• WORK INSTRUCTION
Print the entries in full, word for word, but not the pictures.

• DATASET RECORDS
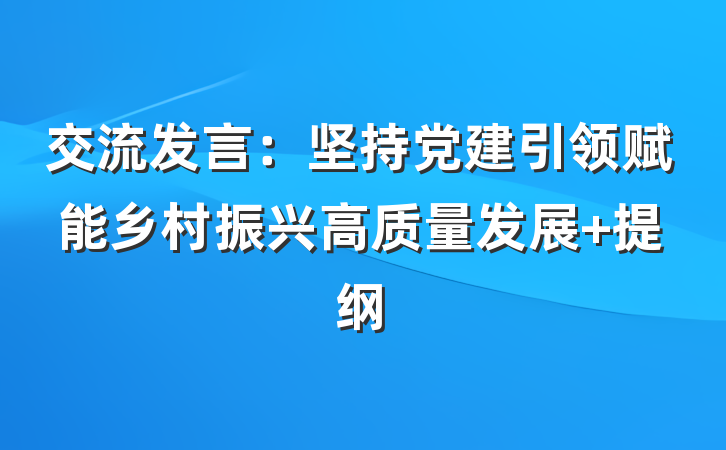 交流发言：坚持党建引领赋能乡村振兴高质量发展 提纲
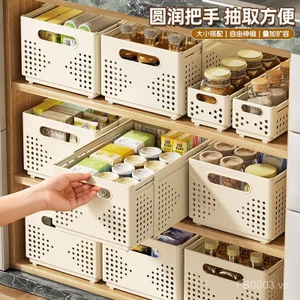 Hộp phân loại tủ đa chức năng Nhà bếp Hộp lưu trữ rỗng riêng biệt Đồ lặt vặt để bàn Giỏ lưu trữ có thể thu vào YVEC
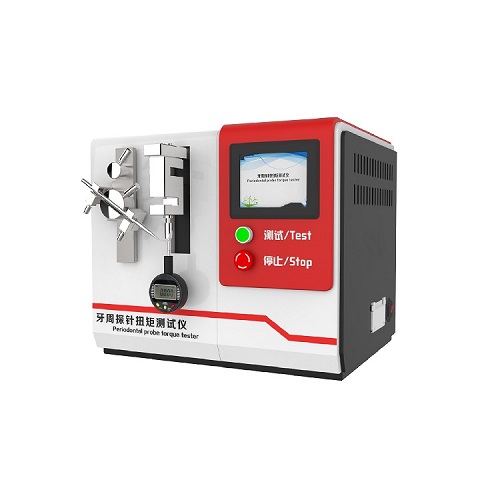 牙周探針扭（niǔ）矩測試儀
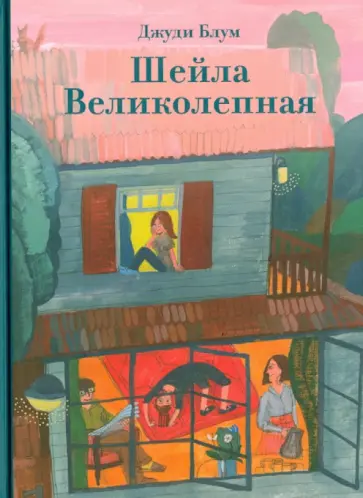Джуди Блум - Шейла Великолепная Джуди Блум - Шейла Великолепная обложка книги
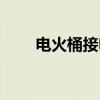 电火桶接电线正确接法图（电火桶）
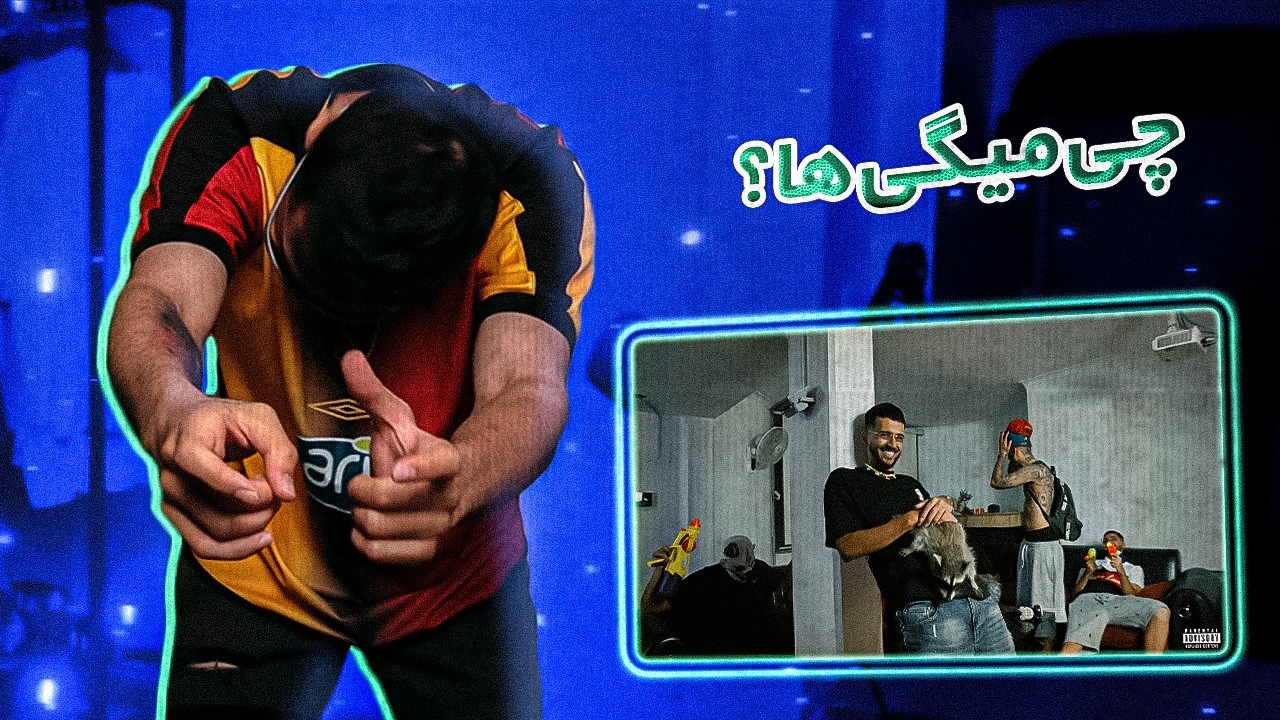 Ali Geramy - Waddup? (Reaction) | مهمترین کانتنت در اینترنت فارسی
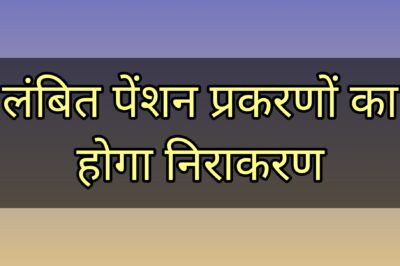 लंबित पेंशन प्रकरणों के निराकरण के लिए तीन दिवसीय पेंशन शिविर 27 नवंबर से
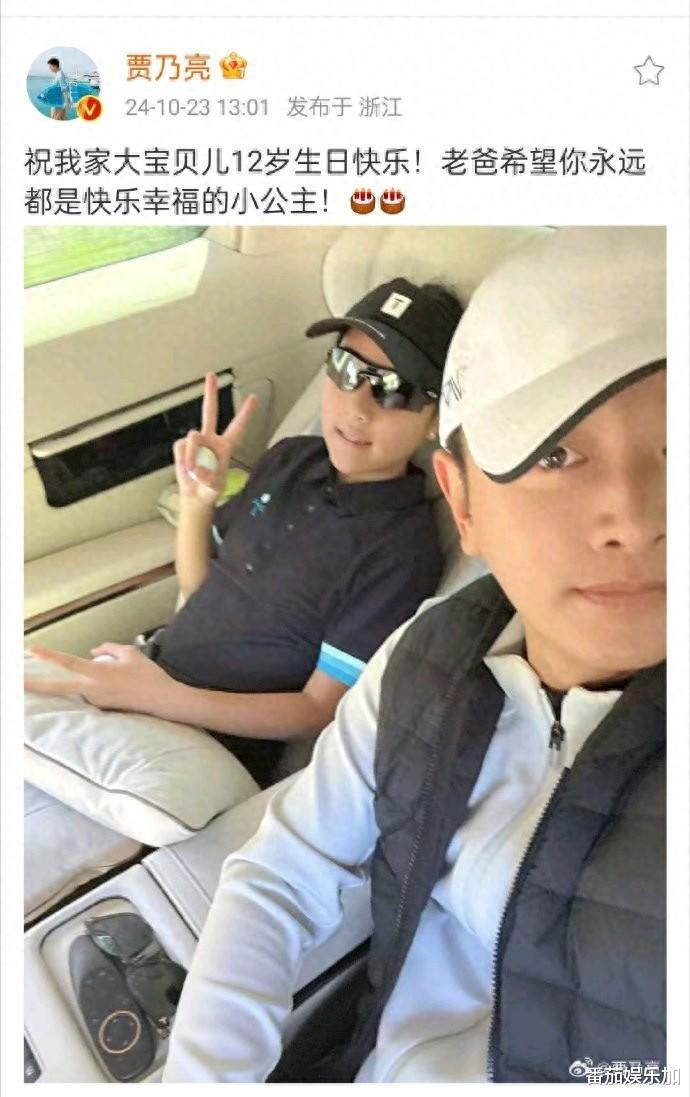 甜馨12岁生日母女写真柔美认不出,太像贾乃亮,李小璐晒照庆生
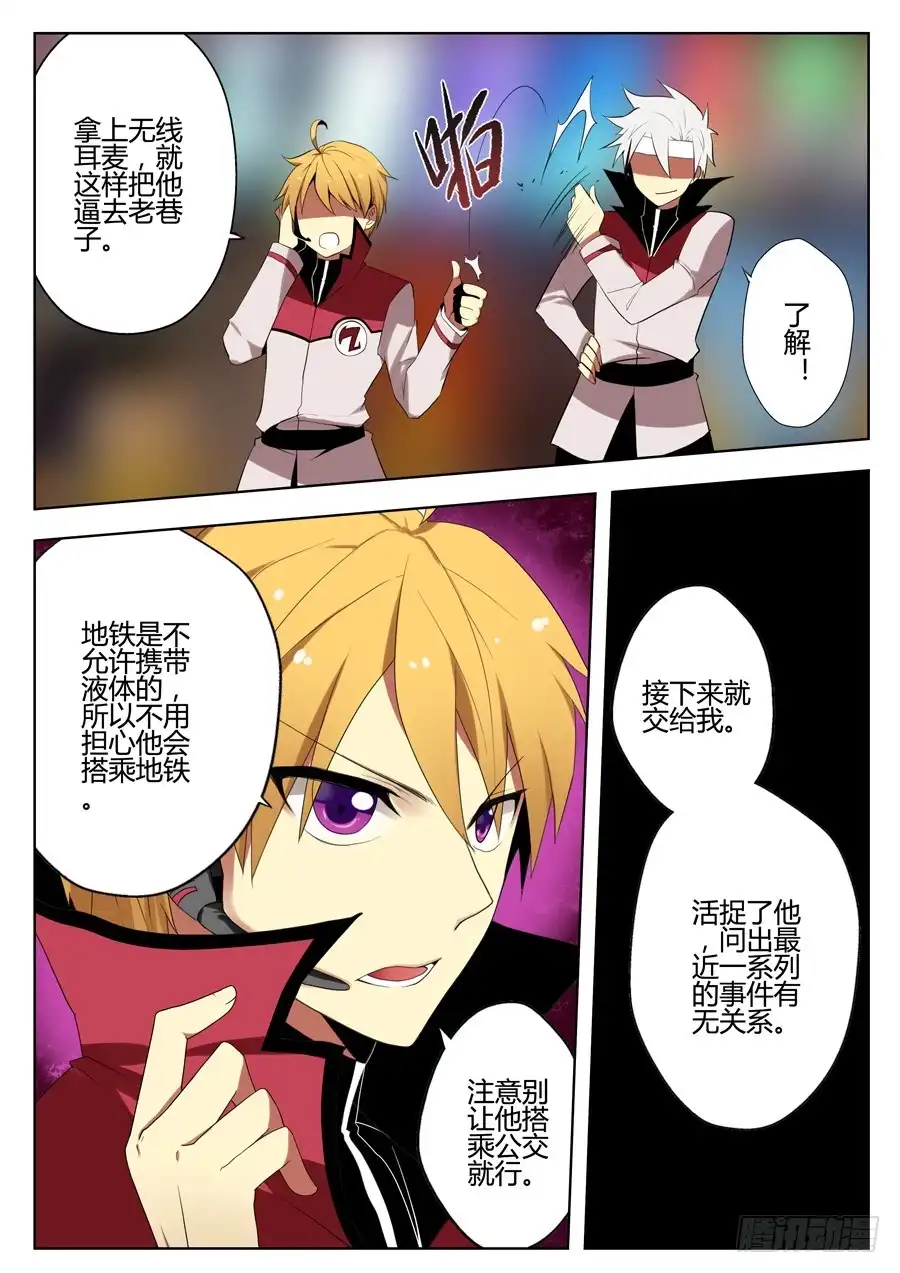 《末日星光》16.完美收场 第3页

• EXERCISE RESPONSE
 交流发言：坚持党建引领赋能乡村振兴高质量发展 提纲
 Hộp phân loại tủ đa chức năng Nhà bếp Hộp lưu trữ rỗng riêng biệt Đồ lặt vặt để bàn Giỏ lưu trữ có thể thu vào YVEC
 牙周探針扭（niǔ）矩測試儀
Джуди Блум - Шейла Великолепная Джуди Блум - Шейла Великолепная обложка книги
 电火桶接电线正确接法图（电火桶）
 Ali Geramy - Waddup? (Reaction) | مهمترین کانتنت در اینترنت فارسی
 लंबित पेंशन प्रकरणों के निराकरण के लिए तीन दिवसीय पेंशन शिविर 27 नवंबर से
 甜馨12岁生日母女写真柔美认不出,太像贾乃亮,李小璐晒照庆生
 《末日星光》16.完美收场 第3页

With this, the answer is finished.